野々池貯水池周辺をウォーキングしながら気がついた事や思い出した事柄をメモします。

鈴鹿8耐をテレビ観戦しながら、こんなことを考えていた

2013-07-31 06:42:11 | モータースポーツ
    「2013鈴鹿8耐」   「トップ走行中、ハイサイド転倒リタイヤの清成選手」
先日、大久保の未来屋書店で、今月発売の「 RACERS」を読んでいた。
この書店では、休憩用(読書用)の椅子数脚が用意してあり、人目を気にせず、時間を気にせず、並べてある新刊本を読むことが出来る。鈴鹿8耐の開催月にあたるためか、「 RACERS」は’80年代鈴鹿8耐で大活躍したホンダ「RVF Legend Part 2」を特集している。その本の中に、’80年代の鈴鹿8耐時、ホンダ8耐の総責任者で、且つホンダに多くに勝利をもたらした、福井威夫前ホンダ社長が当時の8耐を語っているページがあった。拾い読みしただけなので詳細までは記憶していないが、印象に残った事を書くと、鈴鹿8耐参戦にあたっての彼の目標は、①鈴鹿8耐で一番になること ②ヤマハに勝つことの二点。

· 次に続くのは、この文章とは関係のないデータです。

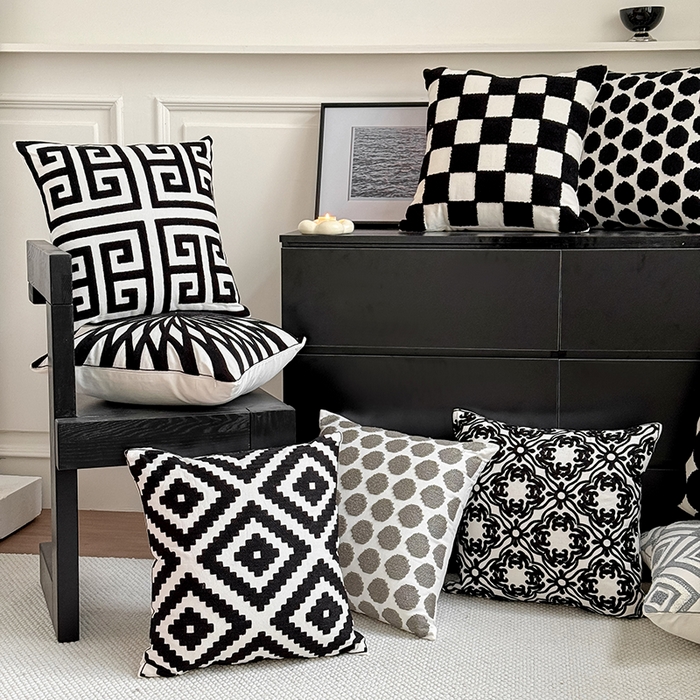 91家纺网 家纺一手货源 找家纺 诺可 2025新款全棉黑白简约系毛巾绣抱枕枕头枕芯 组合图仅供参考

レース中、サーキットVIPルームに陣取る上席から現場への注文や、VIPルームからの突き刺すような視線を受けながらも、勝ち続けるのは相当な神経の太さがないと務まらない。「 RACERS」では、当時の総責任者としての思考と勝ち進んでいく過程が思い出話として気さくに綴られており、如何にも人間臭くて興味深かった。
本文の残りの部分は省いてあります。